▶ **Work task**:
Only the lines from the one containing "Caroline Dubois vs" through the one containing "Akrapovic Edelstahl-Mittelrohr Link" should be printed, exactly as they appear below, with both ends included.

= = =

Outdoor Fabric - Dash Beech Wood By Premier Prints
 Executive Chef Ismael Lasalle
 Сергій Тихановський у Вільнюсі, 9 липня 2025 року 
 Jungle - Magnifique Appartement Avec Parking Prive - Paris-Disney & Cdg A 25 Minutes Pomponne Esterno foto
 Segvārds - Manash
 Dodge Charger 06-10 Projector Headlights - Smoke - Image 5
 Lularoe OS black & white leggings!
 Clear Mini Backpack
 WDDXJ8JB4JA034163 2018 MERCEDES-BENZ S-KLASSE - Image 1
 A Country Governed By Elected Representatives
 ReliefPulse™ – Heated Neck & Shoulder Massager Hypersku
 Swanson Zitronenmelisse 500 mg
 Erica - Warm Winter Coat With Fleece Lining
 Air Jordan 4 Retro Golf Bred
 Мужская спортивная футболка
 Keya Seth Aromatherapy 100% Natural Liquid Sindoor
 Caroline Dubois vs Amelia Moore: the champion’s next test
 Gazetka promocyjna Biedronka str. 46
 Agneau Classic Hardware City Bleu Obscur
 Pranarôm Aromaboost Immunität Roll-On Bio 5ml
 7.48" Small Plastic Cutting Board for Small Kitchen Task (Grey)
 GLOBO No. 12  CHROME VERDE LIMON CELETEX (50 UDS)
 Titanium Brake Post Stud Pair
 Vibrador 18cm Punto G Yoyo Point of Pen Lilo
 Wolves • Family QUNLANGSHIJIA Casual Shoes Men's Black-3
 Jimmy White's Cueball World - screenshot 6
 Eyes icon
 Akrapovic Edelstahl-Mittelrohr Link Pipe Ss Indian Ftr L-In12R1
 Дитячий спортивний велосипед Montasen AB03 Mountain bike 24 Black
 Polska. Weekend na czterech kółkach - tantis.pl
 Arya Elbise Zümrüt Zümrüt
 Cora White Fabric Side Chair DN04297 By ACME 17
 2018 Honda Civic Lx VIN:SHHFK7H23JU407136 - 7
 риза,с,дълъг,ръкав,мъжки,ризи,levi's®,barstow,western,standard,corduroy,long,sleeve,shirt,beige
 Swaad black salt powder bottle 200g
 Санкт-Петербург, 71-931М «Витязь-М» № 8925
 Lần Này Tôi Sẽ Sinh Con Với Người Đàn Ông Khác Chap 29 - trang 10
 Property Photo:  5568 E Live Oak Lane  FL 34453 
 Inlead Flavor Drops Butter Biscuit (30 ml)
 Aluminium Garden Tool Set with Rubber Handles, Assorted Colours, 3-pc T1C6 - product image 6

= = =

▶ **Exercise answer**:
 Caroline Dubois vs Amelia Moore: the champion’s next test
 Gazetka promocyjna Biedronka str. 46
 Agneau Classic Hardware City Bleu Obscur
 Pranarôm Aromaboost Immunität Roll-On Bio 5ml
 7.48" Small Plastic Cutting Board for Small Kitchen Task (Grey)
 GLOBO No. 12  CHROME VERDE LIMON CELETEX (50 UDS)
 Titanium Brake Post Stud Pair
 Vibrador 18cm Punto G Yoyo Point of Pen Lilo
 Wolves • Family QUNLANGSHIJIA Casual Shoes Men's Black-3
 Jimmy White's Cueball World - screenshot 6
 Eyes icon
 Akrapovic Edelstahl-Mittelrohr Link Pipe Ss Indian Ftr L-In12R1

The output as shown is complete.